German parties agree to loosen fiscal rules to overhaul military, economy


Germany’s Merz says the CDU/CSU and SPD will submit a motion to the Bundestag lower house of parliament next week.

The parties hoping to form Germany’s next government have agreed to create a 500-billion-euro ($536.9bn) infrastructure fund and overhaul borrowing rules, a tectonic spending shift in Europe’s largest economy.

Friedrich Merz’s conservatives and the Social Democrats (SPD), who are in negotiations to form a coalition after a national election last month, will put their proposals to the outgoing German parliament next week.

Merz, Germany’s likely next chancellor, has seized the moment after the return of Donald Trump to the White House threw the transatlantic alliance into turmoil, and has underlined the urgency for Europe to strengthen its own defences.

Trump froze military aid to Ukraine after a bitter clash last week with its president, Volodymyr Zelenskyy, reinforcing fears that the US could strike a deal with Russia to end the war in Ukraine while disengaging from Europe.

Economists and investors have long urged Germany to reform its constitutionally enshrined state borrowing limits – known as the “debt brake” – in order to free up investment and support an economy that has contracted for the past two years.

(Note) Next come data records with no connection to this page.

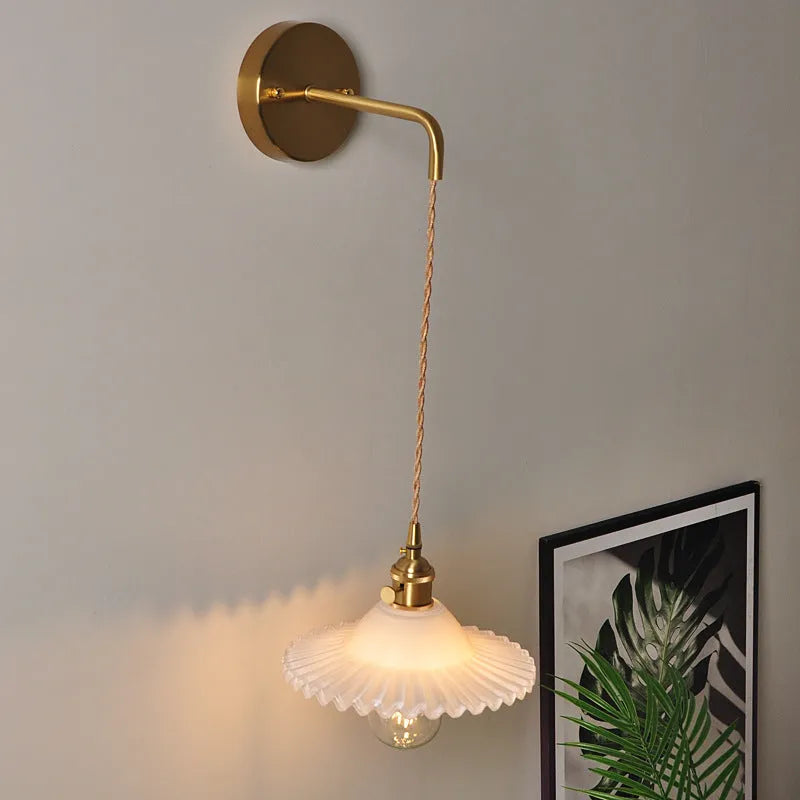 Retro brass lotus wall lamp with adjustable copper wire and white glass shade mounted on a wall.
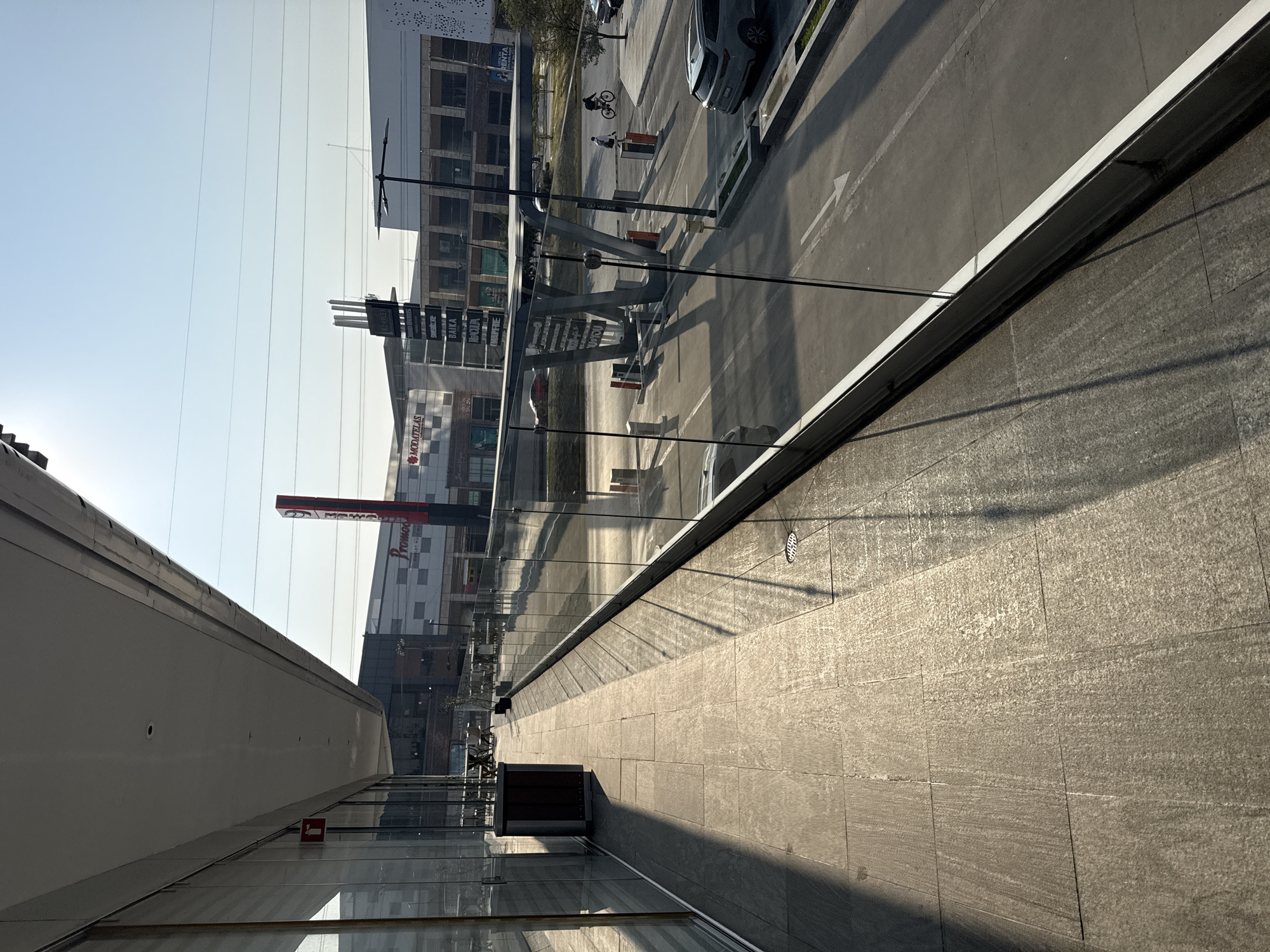 A long-shot, low-angle perspective, taken from an elevated position, oriented vertically, portrays an urban scene at the Explanada Puebla shopping center in Puebla, Mexico. A view outside, encompassing the street, pedestrian areas, and reflections off a glass facade of the center.
In the external view, pedestrians and cyclists traverse the sidewalks, and vehicles are parked or in motion on the road. The retail establishment "PROMODA" and other commercial signage are visible.
Reflections of the external scene are prominent on the glass facade, intermingling with the interior elements, such as the stone tiled flooring.
The light casts shadows across the tiled surface, which suggests either early morning or late afternoon. The weather appears clear and bright.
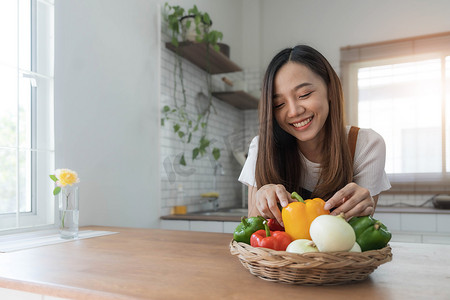 穿着围裙站在厨房里的年轻快乐女人的画像，准备用新鲜蔬菜和水果烹制健康食品。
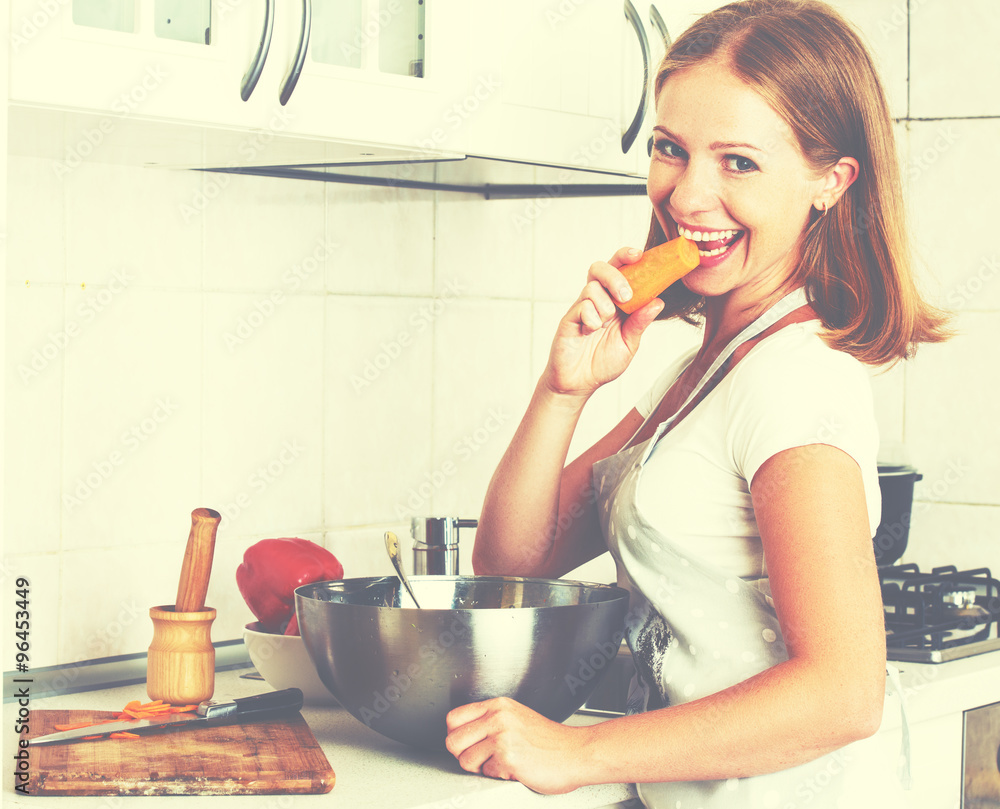 young happy woman cook vegetable salad on kitchen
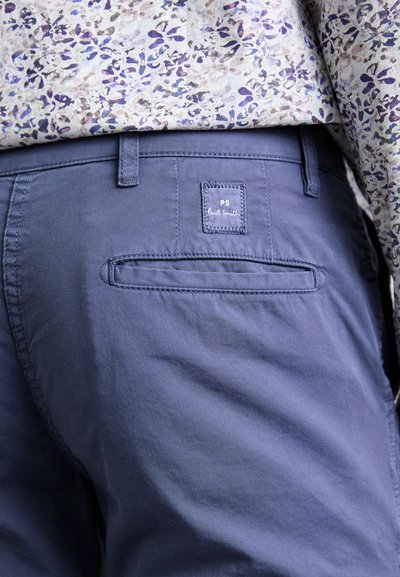 I pantaloni in cotone blu navy presentano una tasca posteriore con un'etichetta quadrata cucita con la scritta "PS Paul Smith". Il tessuto ha una consistenza liscia.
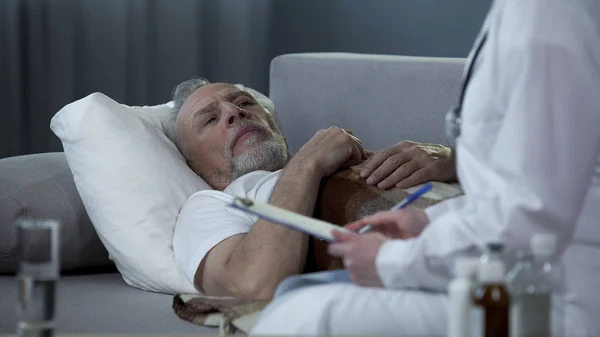 Homme adulte allongé sur le canapé et parlant avec le médecin des problèmes de santé, la maladie — Photo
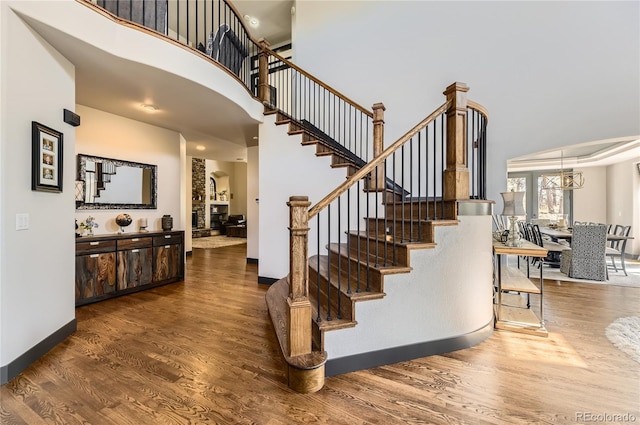 staircase featuring a high ceiling, wood finished floors, and baseboards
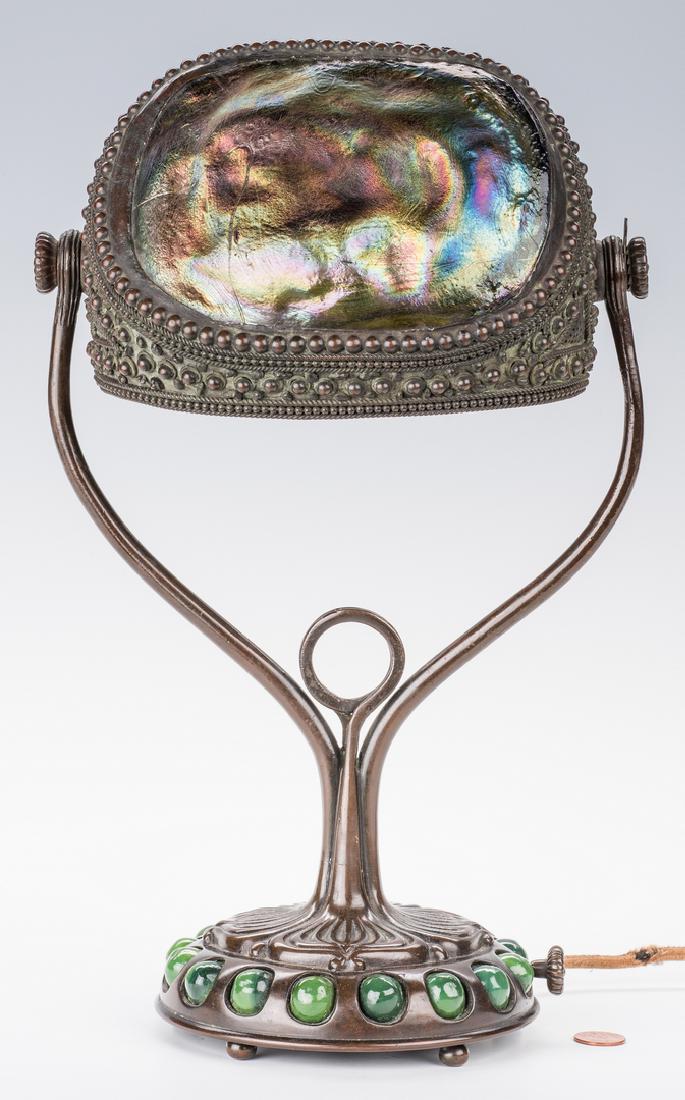 Tiffany Studios Turtleback Desk Lamp: Tiffany Studios "turtleback" table or desk lamp, comprised of two favrile turtleback panels of green, gold, brown and blue iridescent glass, in a verdigris bronze frame with rope and bead decoration o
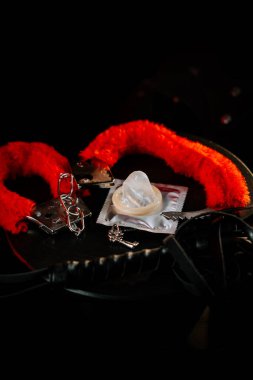 Karanlık bir yüzeyde hafif ışıklandırmalı renkli kelepçe ve prezervatif.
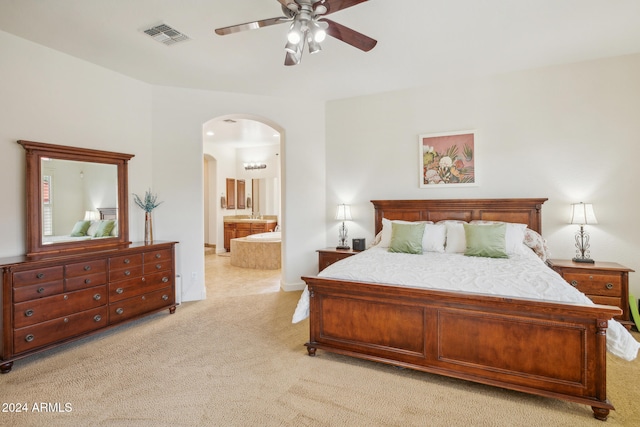 carpeted bedroom featuring ceiling fan and connected bathroom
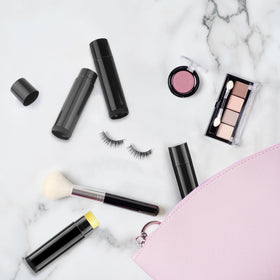 Cositina black lip balm tubes in hand illustrating portable use.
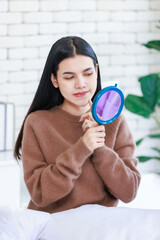 Millennial Asian young beautiful cheerful happy female model in casual long sleeve sweater shirt outfit sitting smiling looking reflection from handheld mirror on bed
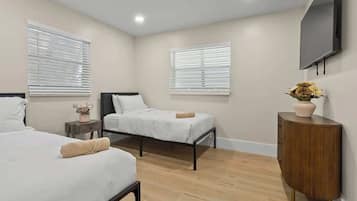 4 bedrooms, iron/ironing board, travel cot, WiFi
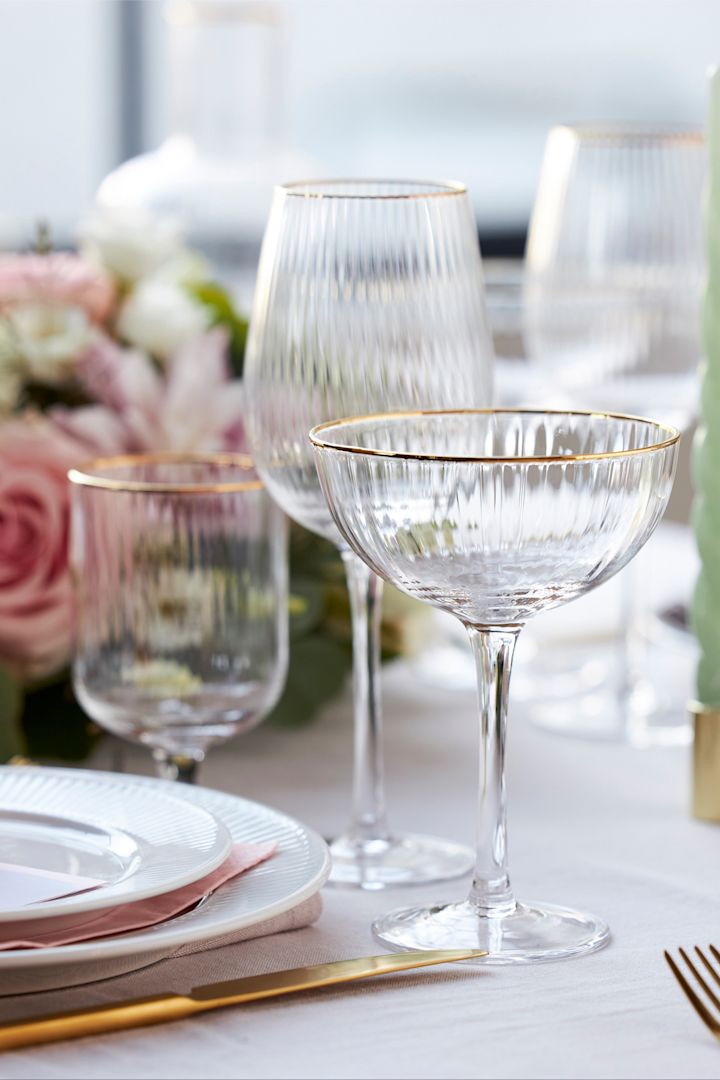 Die Gläser aus der Palermo-Kollektion von Lyngby Glas haben einen eleganten goldenen Rand und stehen hier auf einem stilvoll gedeckten Tisch in Weiß, Rosa und Gold.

The reform would mark a rollback of borrowing rules imposed after the 2008 global financial crisis that many now say are outdated and keep Germany in a fiscal straitjacket.

Amending constitution

Merz said the CDU/CSU and SPD would submit a motion to the Bundestag lower house of parliament next week to amend the constitution so defence expenditure above 1 percent of economic output is exempt from the debt brake.

He pledged to do “whatever it takes” when it comes to defence “in light of threats to our freedom and peace on our continent”.

A commission of experts will separately develop a proposal for modernising the debt brake to boost investments on a permanent basis.

According to a poll by INSA, 49 percent of Germans support loosening the debt brake while only 28 percent are against it. But changing the debt rules and creating a special fund both require a two-thirds majority in parliament.

The conservatives and SPD are rushing to get the moves passed in the outgoing parliament, given far-right and far-left parties will have a blocking minority in the next parliament after scoring strongly in last month’s election.

The Left party has threatened a legal challenge if Germany takes on new debt to fund defence expenditure.

The Greens party, whose support is needed to get the debt brake reform across the line, said it would examine the proposals, but made no firm commitment.

While markets rallied after the announcement, sceptical voices also emerged.

Kyrill-Alexander Schwarz, a constitutional lawyer at the University of Wuerzburg, said it was “extremely problematic” for an outgoing parliament to make such big binding decisions.

German newspapers said Merz was breaking a campaign promise of fiscal rectitude just 10 days after the election.

“Mr Merz, that is voter deception!” warned top-selling paper Bild. “Merz carried out a 180 U-turn in record time,” wrote Handelsblatt.

Left-leaning papers were more indulgent. “Good that Merz breaks his campaign promise,” wrote the Sueddeutsche Zeitung.

Friedrich Heinemann from the ZEW economic research institute said Germany’s debt-to-GDP ratio could exceed 100 percent by 2034. It is now about 64 percent, far below other major industrialised countries such as the US, France or Japan.

The US has repeatedly pressured Germany to increase its defence spending to overhaul a military that has felt neglected since the end of the Cold War and has diverted weapons to support Ukraine in the war against Russia.